The last one on the list is scalades — Scala Discrete Event Simulation library created by Bjorn Regnell and Christian Nyberg at Lund University. Compared to the previous benchmark, this one is not using any IO operations, instead, it’s primarily focused on passing signals and handling them in its queuing system. For each platform, I’ve set default simulation with 9 created customers per second to simulate a period of 0.1 seconds. In the charts below, you can see averaged results from 10 runs for each platform.
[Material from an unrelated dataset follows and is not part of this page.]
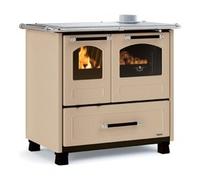 La Nordica Extraflame Cucina A Legna La Nordica Family 4,5 Colore Caramello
In this use case, again Scala Native showed astonishing performance again. On 10 executions on the JVM and using Native Image binary took from 50% to 80% more time. Additionally, by switching to Commix GC we were able to increase Scala Native performance by an additional 7%. Changing GC also had an impact on the peak memory usage, which was on average 3 times higher than on default Immix GC, however, it still used 10x less memory than binary created using Native Image.

Summary

As you could have seen, Scala Native seems to be an excellent target for executing Scala applications in terms of memory usage. In every test case, it allowed us to significantly reduce the amount of peak memory usage. It still struggles with some performance issues that need to be fixed, although in some cases, it is already superior to other runtime targets. When combined with instant startup, it makes a great candidate for serverless environments, allowing us to cut operational costs down as we potentially might pay less for memory provisioning and time wasted on starting up the JVM. It also makes a lot of sense to use Scala Native as a target for CLI applications, especially as it allows for much better performance results than Native Image.

Personally, I’m very satisfied with the current status of Scala Native. Since Scala Center took the lead under this project last year Scala Native managed to catch up with the latest Scala distributions, allowing to run all benchmarks smoothly using Scala 2.13. It still needs some effort to make it suitable for commercial usage, but even now shows large potential. The main issue Scala Native is struggling with right now in terms of commercial usages is probably not being able to depend on Java libraries, such as numerous SDKs and network frameworks. This makes the creation of native applications a bit challenging. On the other hand, it allows for much better integration with native libraries written in C, C++ or Rust by using common C ABI. It allows for relatively easy integration, and in some cases, Java SDKs eg. AWS SDK could be replaced with bindings to native libraries when provided enough effort. Also, it’s missing proper support of first-class multithreading, however, it should change soon. Overall, I’m super excited and looking forward to seeing how this project develops in the future.